### [PROBLEM REQUIREMENTS]
Write every line below out again exactly, images omitted.

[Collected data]
┄┄┄┄┄┄┄┄┄┄

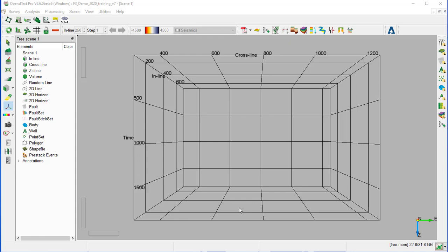The primary functionality of the Well Correlation is to pick or QC well log markers that are defined within the geological or stratigraphic framework in a consistent manner. In this exercise, we will create a Well Correlation panel and QC the well markers using the seismic data and horizon cube as a guide.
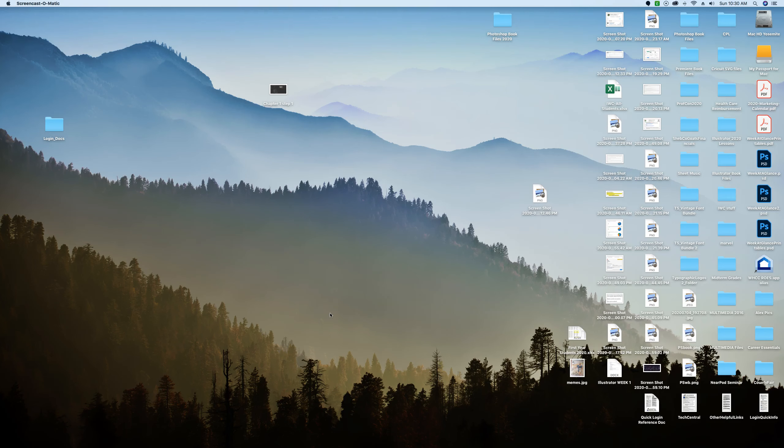Before we begin working in Illustrator, I want to make sure everyone is using the same version, the most updated version. Since you purchased this new, I'm guessing you did download the most recent, but it's always smart to check.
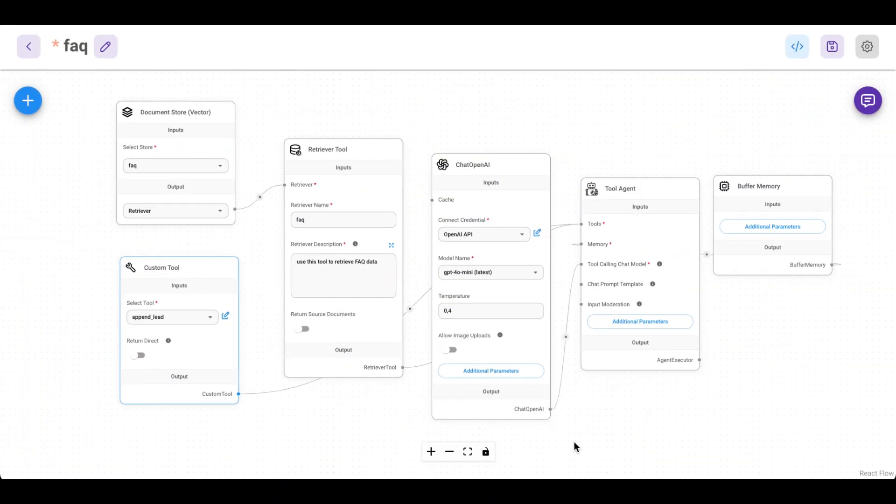In today's video I'm going to show you how to combine the best no-code AI agent frameworks to build any agent to implement for your own business or start selling as a service to other businesses. By the end you will understand the strengths of both platforms and when and how to use them ideally to build the best no-code AI agent solutions. So let's get started.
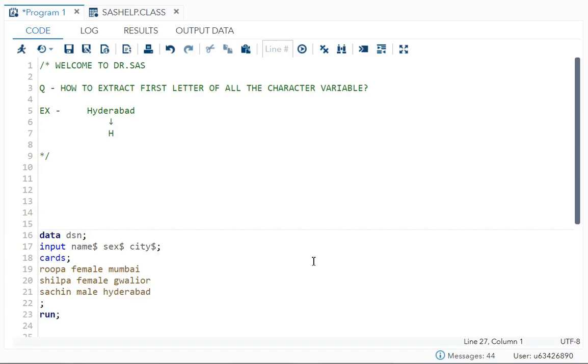Hello everyone, welcome to my channel. Today I will cover one important and interesting interview question. The question is: how to extract the first letter of all the character variables? Let's say you have multiple character variables.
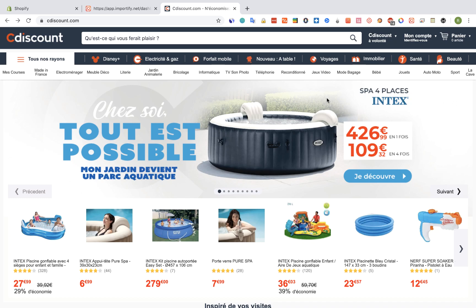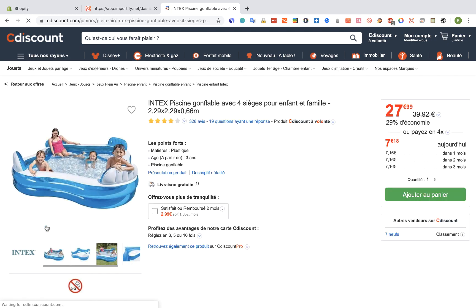Hey guys, in this video I'm going to show you how to import products from Cdiscount using Importify. First of all, let's go to the Cdiscount site and pick a product that we want to import.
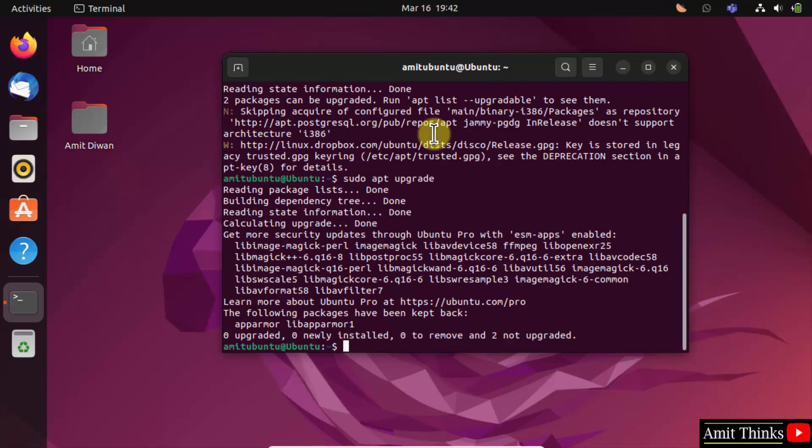Now we will install SQLite3 by typing sudo apt install sqlite3 and press enter.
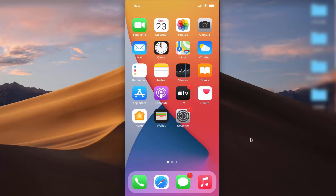Hey guys, in this video I'm going to show you how you can turn on or off your cellular data or mobile data on your iPhone. So let's get started.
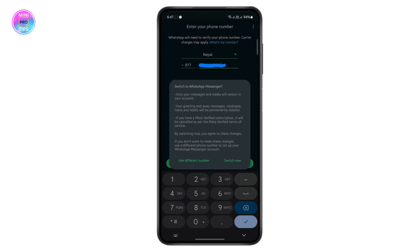Now it's asking you to switch to WhatsApp Messenger. So only your messages and media will remain on your account. All of your greeting and away messages, catalog items, and labels will be permanently deleted if you've added any of those on your business account. And if you have a Meta verified subscription, it will be cancelled as per Meta verified terms and services.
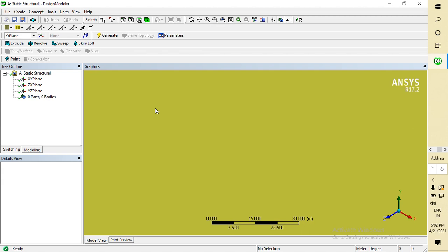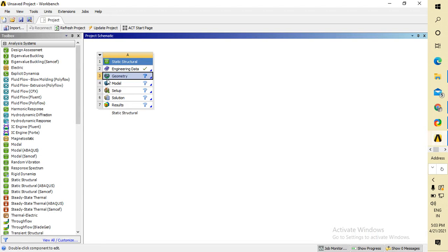So in today's video, I'm going to show you how to change your background in Design Modeler or Mechanical. In Mechanical, the design starts from the model.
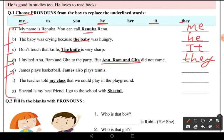Fifth: James plays basketball and James also plays tennis. So here we can write: 'James plays basketball and he also plays tennis.' Since James is a male, we use 'he' for him.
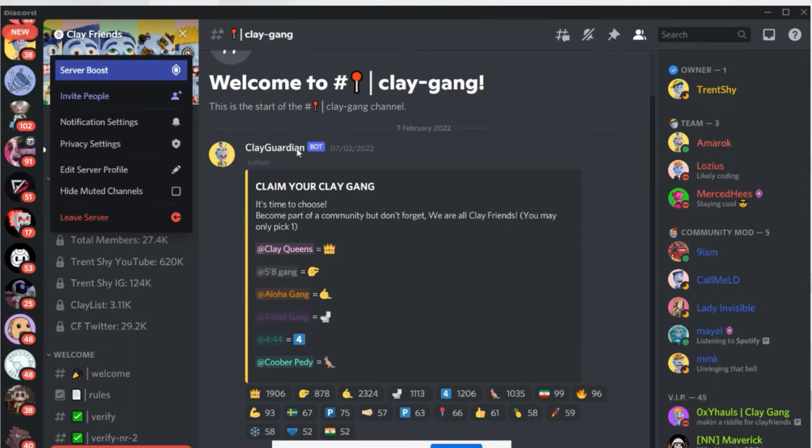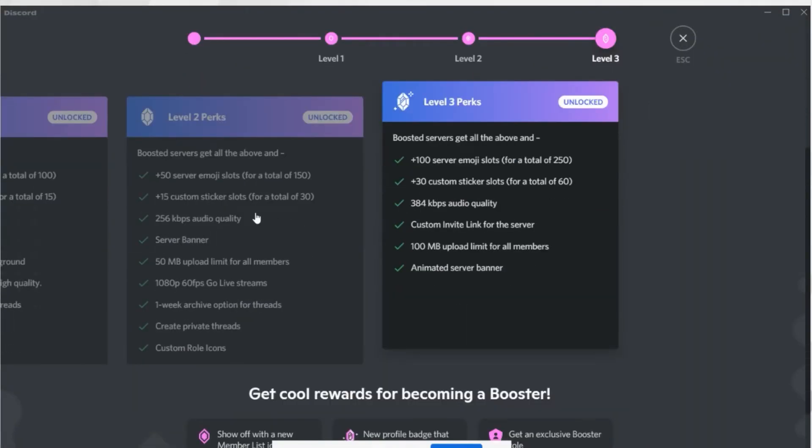Another important thing for raising project awareness is the Discord server boost feature. Many projects do this themselves. For the server boost, there are maximum three levels — if you reach 14 boosts you can reach level three. This is monthly renewed, so as long as you renew every month you'll maintain level three.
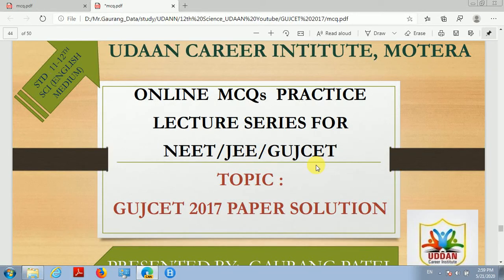Hello, welcome to the online MCQ practice lecture series for NEET, JEE and Guzgat. Dear students, currently we are discussing the paper solution of Guzgat 2017.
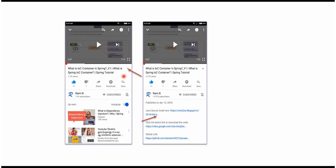You can get the Java source code link from the description of the video. On mobile, click on the icon to expand the description, and here you can see it contains the Java source code links. Click on these links to get the Java source code.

┄┄┄┄┄┄┄┄┄┄

### [RESULT OF THE EXERCISE]
The primary functionality of the Well Correlation is to pick or QC well log markers that are defined within the geological or stratigraphic framework in a consistent manner. In this exercise, we will create a Well Correlation panel and QC the well markers using the seismic data and horizon cube as a guide.
Before we begin working in Illustrator, I want to make sure everyone is using the same version, the most updated version. Since you purchased this new, I'm guessing you did download the most recent, but it's always smart to check.
In today's video I'm going to show you how to combine the best no-code AI agent frameworks to build any agent to implement for your own business or start selling as a service to other businesses. By the end you will understand the strengths of both platforms and when and how to use them ideally to build the best no-code AI agent solutions. So let's get started.
Hello everyone, welcome to my channel. Today I will cover one important and interesting interview question. The question is: how to extract the first letter of all the character variables? Let's say you have multiple character variables.
Hey guys, in this video I'm going to show you how to import products from Cdiscount using Importify. First of all, let's go to the Cdiscount site and pick a product that we want to import.
Now we will install SQLite3 by typing sudo apt install sqlite3 and press enter.
Hey guys, in this video I'm going to show you how you can turn on or off your cellular data or mobile data on your iPhone. So let's get started.
Now it's asking you to switch to WhatsApp Messenger. So only your messages and media will remain on your account. All of your greeting and away messages, catalog items, and labels will be permanently deleted if you've added any of those on your business account. And if you have a Meta verified subscription, it will be cancelled as per Meta verified terms and services.
So in today's video, I'm going to show you how to change your background in Design Modeler or Mechanical. In Mechanical, the design starts from the model.
Fifth: James plays basketball and James also plays tennis. So here we can write: 'James plays basketball and he also plays tennis.' Since James is a male, we use 'he' for him.
Another important thing for raising project awareness is the Discord server boost feature. Many projects do this themselves. For the server boost, there are maximum three levels — if you reach 14 boosts you can reach level three. This is monthly renewed, so as long as you renew every month you'll maintain level three.
Hello, welcome to the online MCQ practice lecture series for NEET, JEE and Guzgat. Dear students, currently we are discussing the paper solution of Guzgat 2017.
You can get the Java source code link from the description of the video. On mobile, click on the icon to expand the description, and here you can see it contains the Java source code links. Click on these links to get the Java source code.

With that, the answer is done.